Start of Block
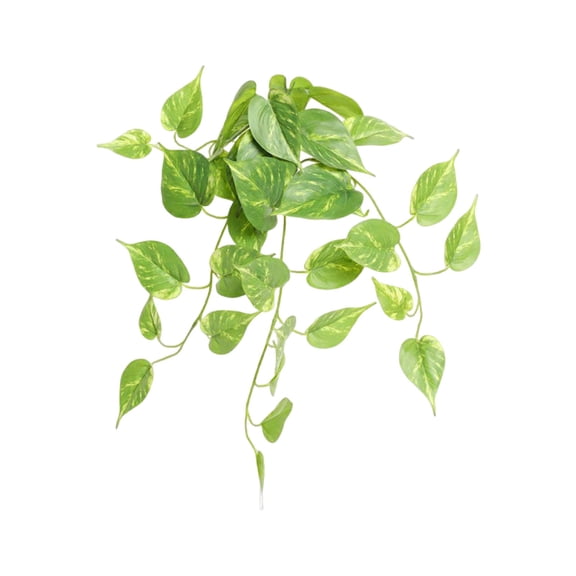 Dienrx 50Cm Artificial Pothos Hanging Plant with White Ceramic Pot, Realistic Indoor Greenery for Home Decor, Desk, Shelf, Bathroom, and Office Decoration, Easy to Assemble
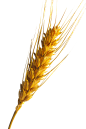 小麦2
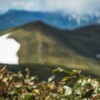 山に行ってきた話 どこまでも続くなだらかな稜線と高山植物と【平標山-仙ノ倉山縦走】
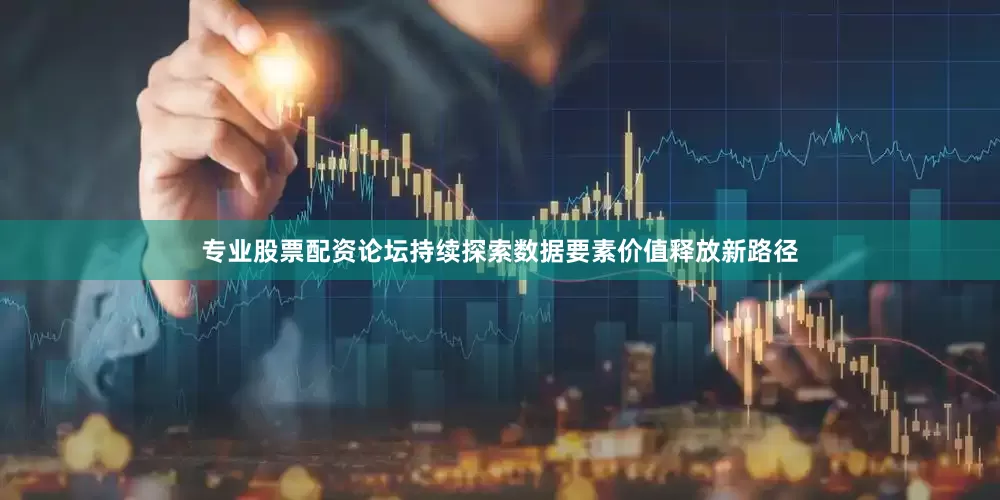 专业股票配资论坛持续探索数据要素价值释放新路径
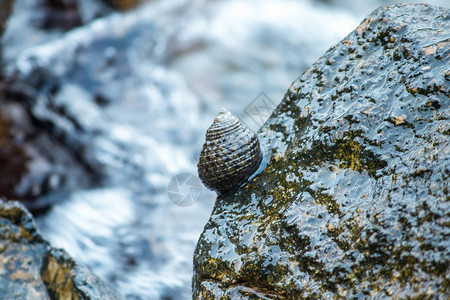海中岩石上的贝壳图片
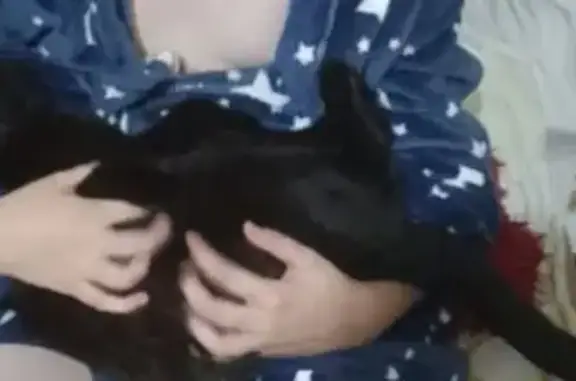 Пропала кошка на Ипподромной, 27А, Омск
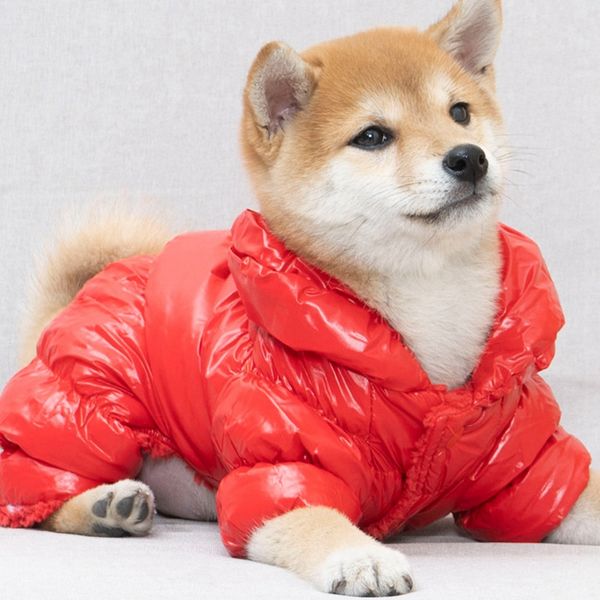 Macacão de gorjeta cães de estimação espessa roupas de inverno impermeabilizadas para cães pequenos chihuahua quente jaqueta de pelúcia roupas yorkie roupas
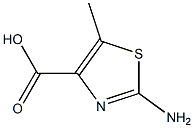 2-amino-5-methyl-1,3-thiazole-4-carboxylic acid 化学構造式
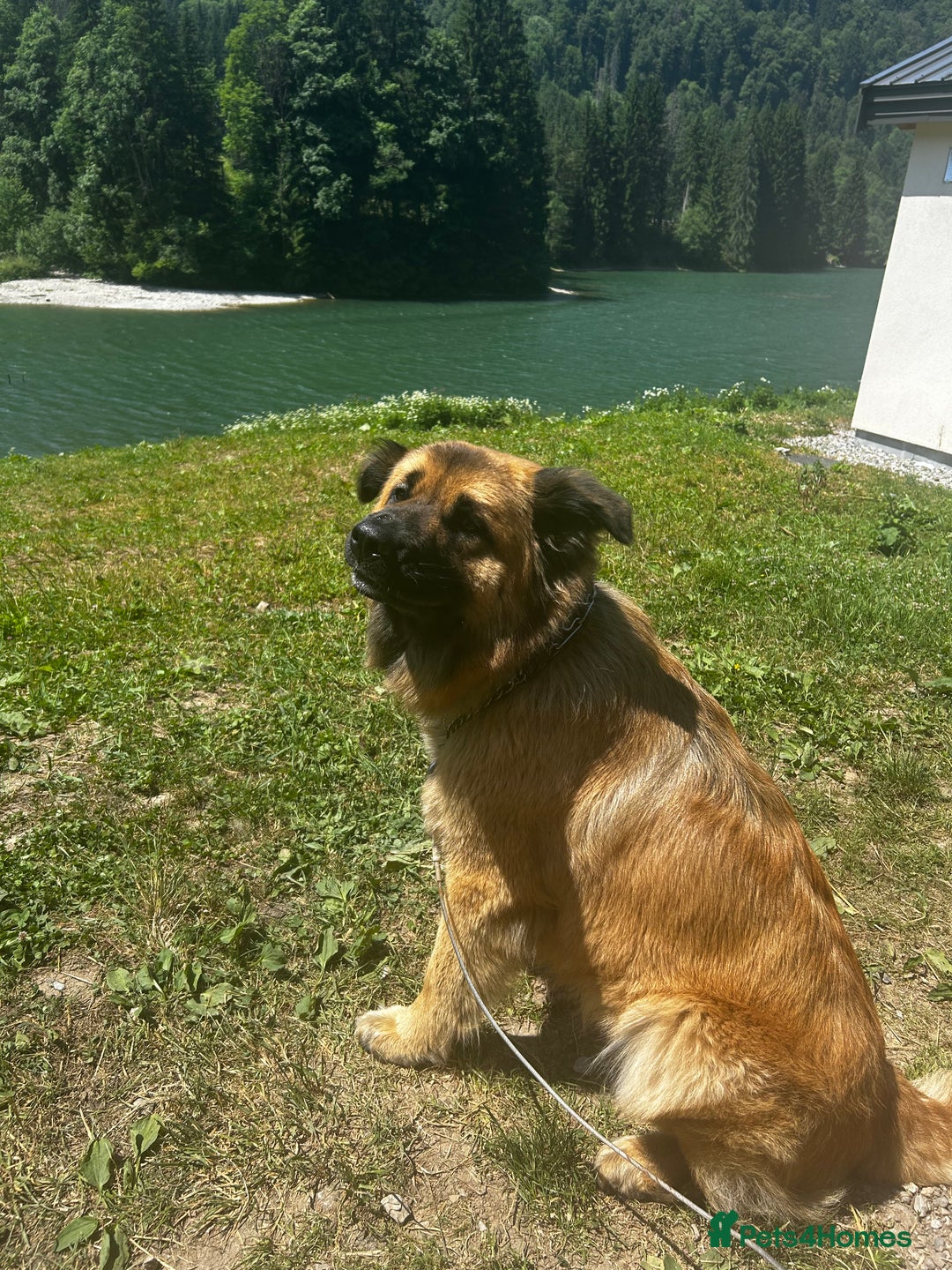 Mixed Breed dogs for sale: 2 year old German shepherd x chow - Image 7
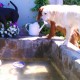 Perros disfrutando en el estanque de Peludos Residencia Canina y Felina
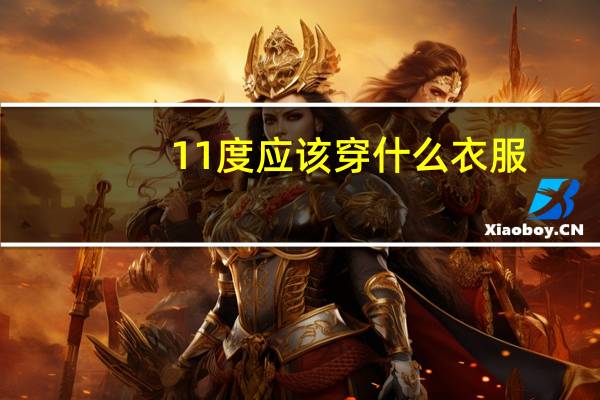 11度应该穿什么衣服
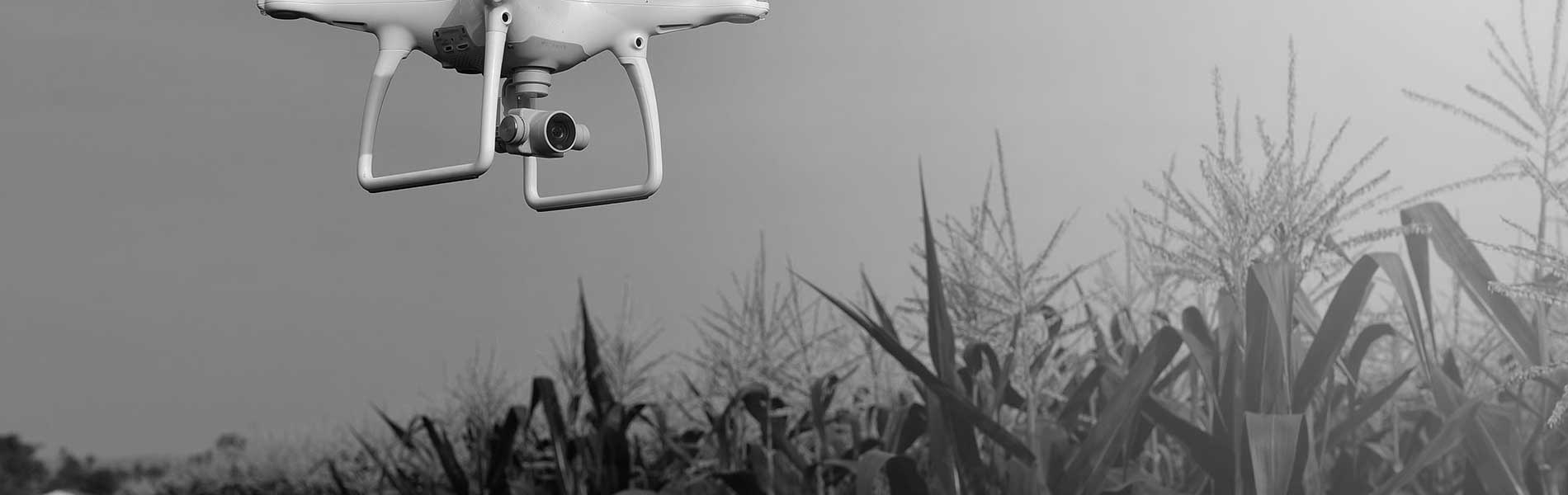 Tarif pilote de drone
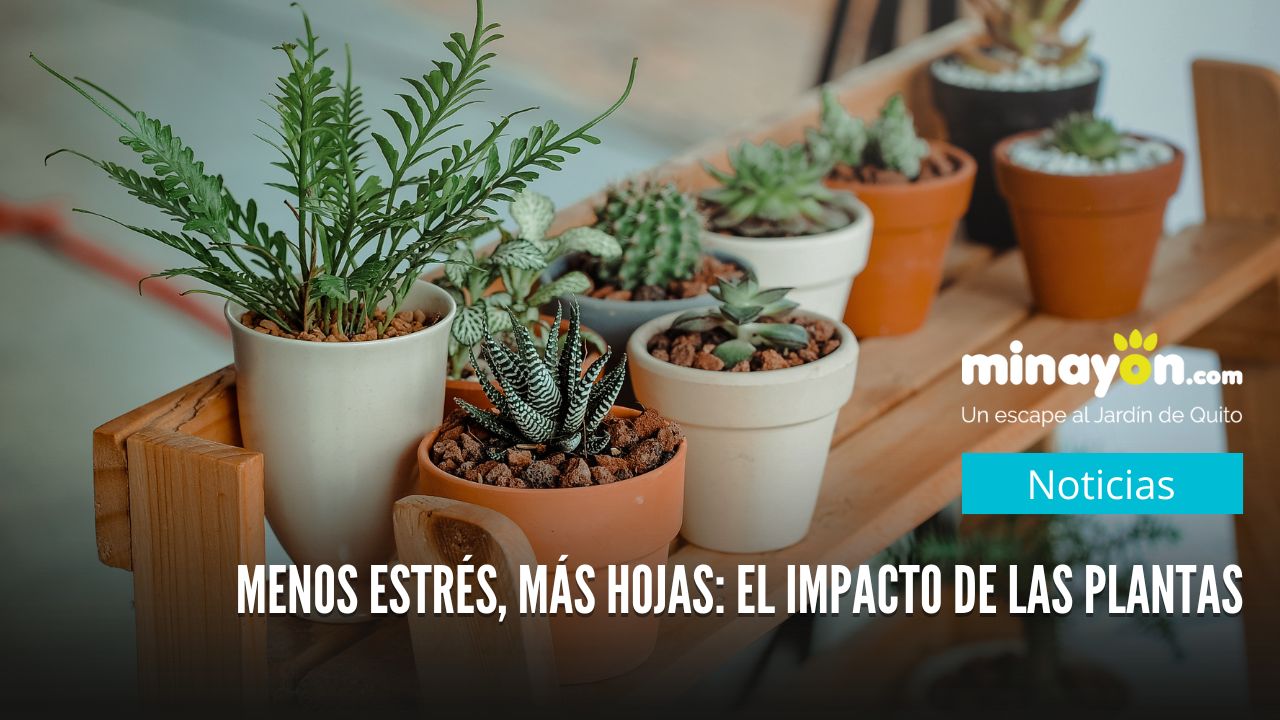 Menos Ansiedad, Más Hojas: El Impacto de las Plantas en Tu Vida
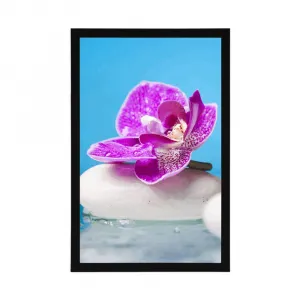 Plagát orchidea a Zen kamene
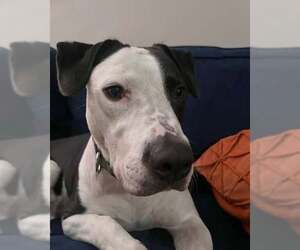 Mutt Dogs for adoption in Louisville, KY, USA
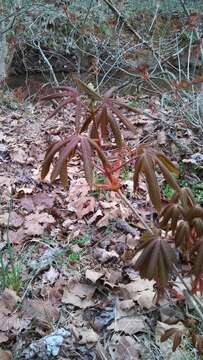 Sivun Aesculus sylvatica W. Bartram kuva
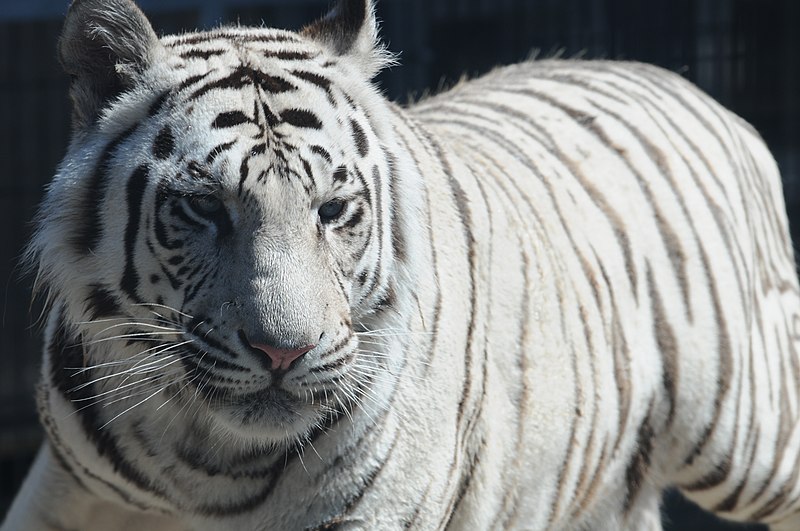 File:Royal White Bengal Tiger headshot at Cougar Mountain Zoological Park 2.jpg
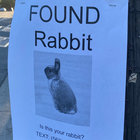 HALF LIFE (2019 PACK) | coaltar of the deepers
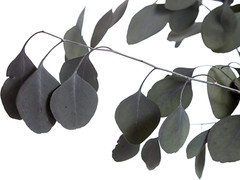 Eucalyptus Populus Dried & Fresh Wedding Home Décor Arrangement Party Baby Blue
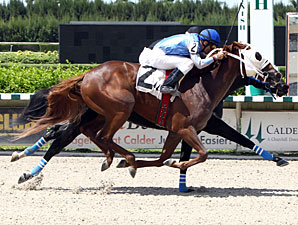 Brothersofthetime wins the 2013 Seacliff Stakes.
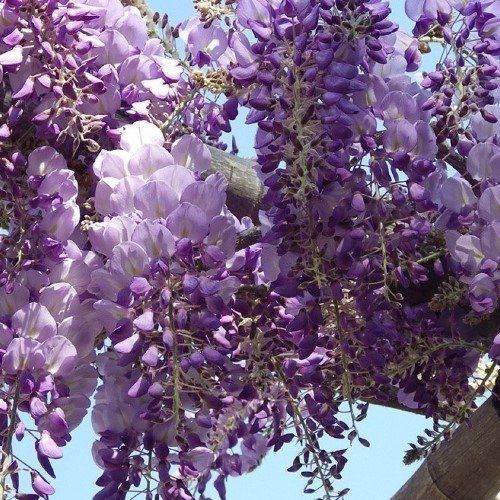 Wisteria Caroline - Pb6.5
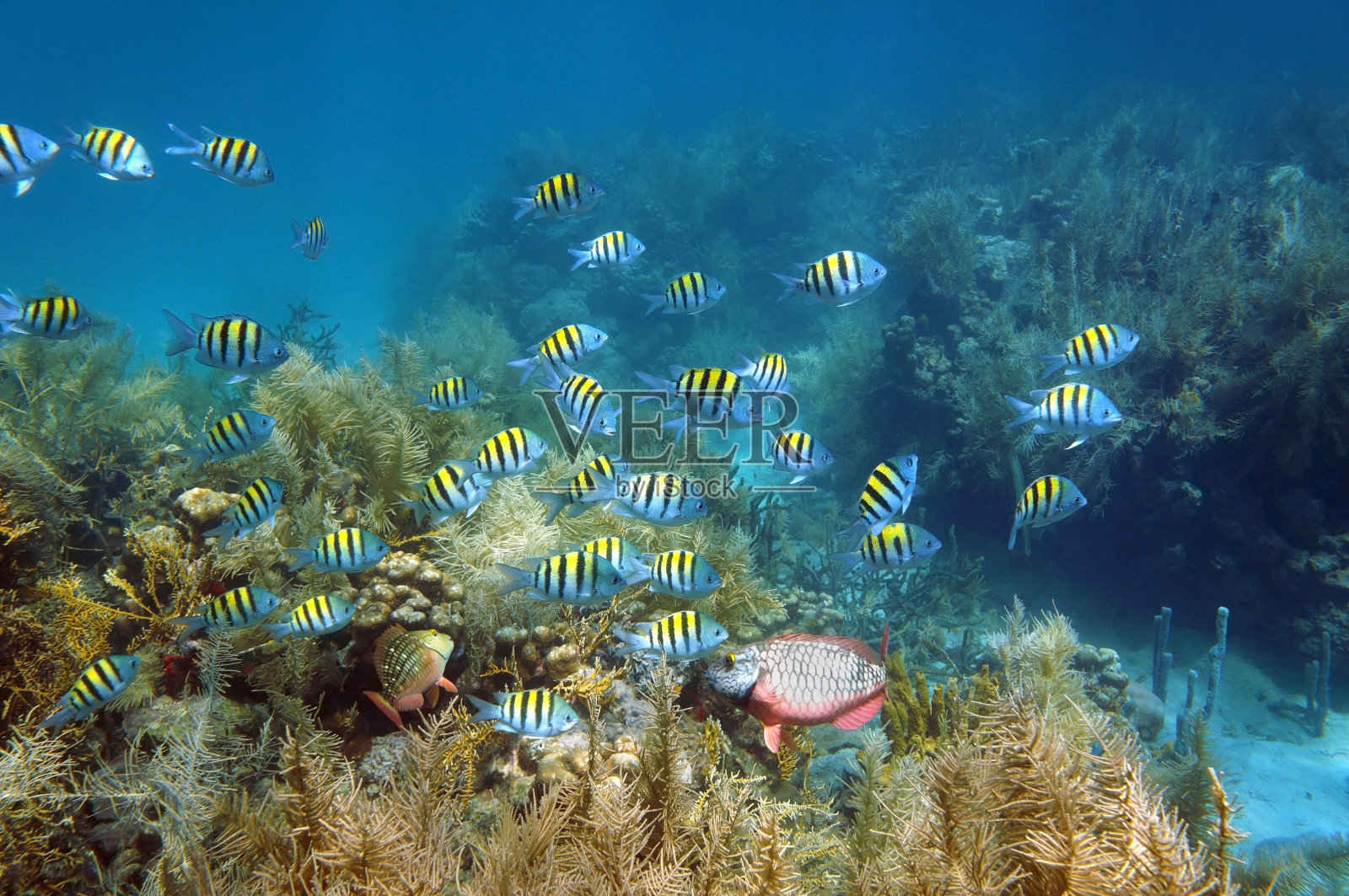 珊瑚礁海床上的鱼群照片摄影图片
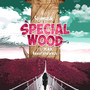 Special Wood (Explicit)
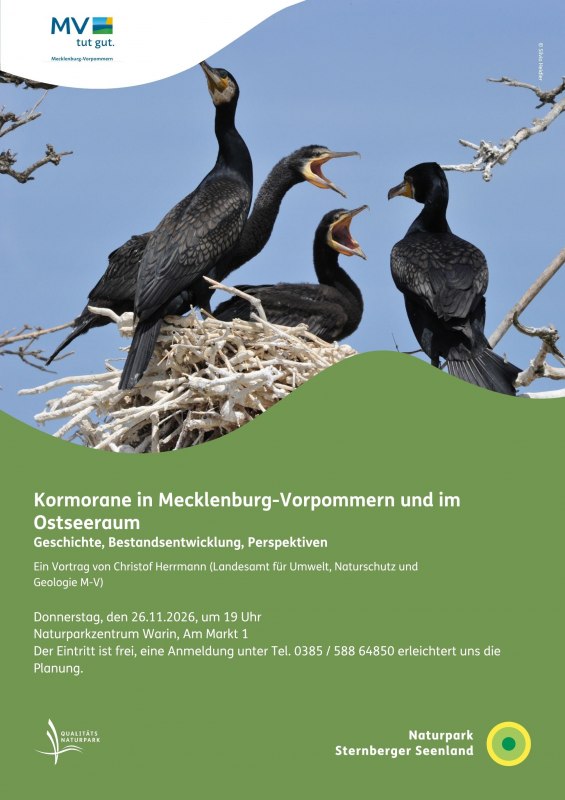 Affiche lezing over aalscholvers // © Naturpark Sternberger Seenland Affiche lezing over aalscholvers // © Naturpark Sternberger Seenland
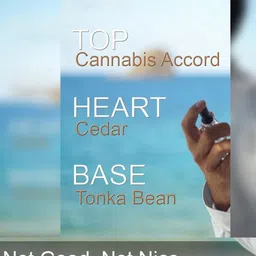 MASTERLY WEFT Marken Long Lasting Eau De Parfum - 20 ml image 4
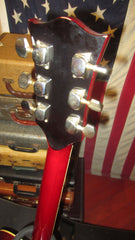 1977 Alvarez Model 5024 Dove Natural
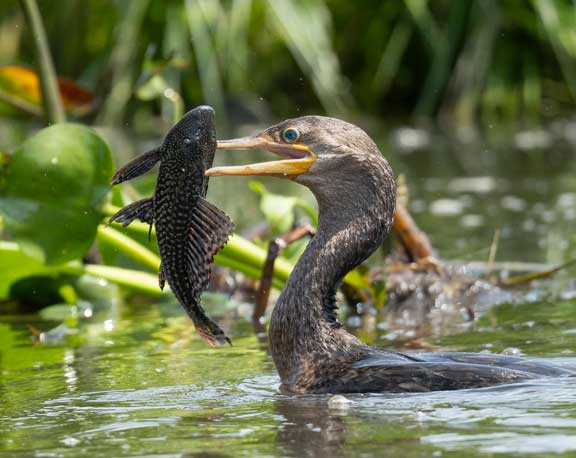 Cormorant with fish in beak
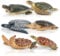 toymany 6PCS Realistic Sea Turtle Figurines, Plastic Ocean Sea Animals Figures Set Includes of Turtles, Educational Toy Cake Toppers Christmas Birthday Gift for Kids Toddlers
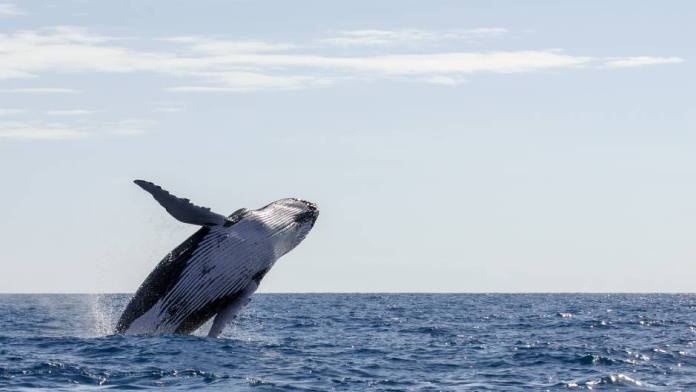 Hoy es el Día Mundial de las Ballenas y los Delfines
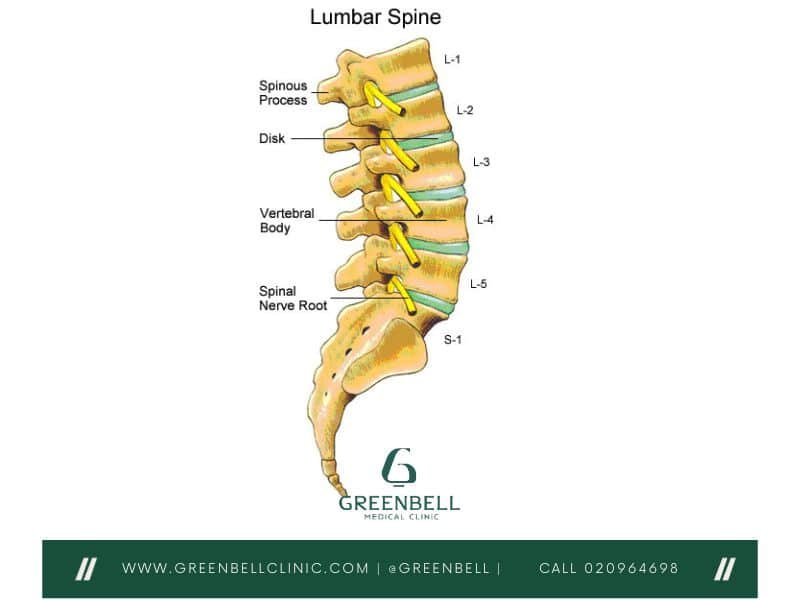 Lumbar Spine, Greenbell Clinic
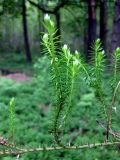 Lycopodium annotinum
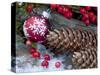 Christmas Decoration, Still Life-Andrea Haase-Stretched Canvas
End of Block
### WORK TO COMPLETE
Could you transcribe exactly the entries above, but only the lines from the one with "珊瑚礁海床上的鱼群照片摄影图片" through the one with "MASTERLY WEFT Marken", and without pictures?

### REPLY TO THE EXERCISE
 珊瑚礁海床上的鱼群照片摄影图片
 Special Wood (Explicit)
 Affiche lezing over aalscholvers // © Naturpark Sternberger Seenland Affiche lezing over aalscholvers // © Naturpark Sternberger Seenland
 MASTERLY WEFT Marken Long Lasting Eau De Parfum - 20 ml image 4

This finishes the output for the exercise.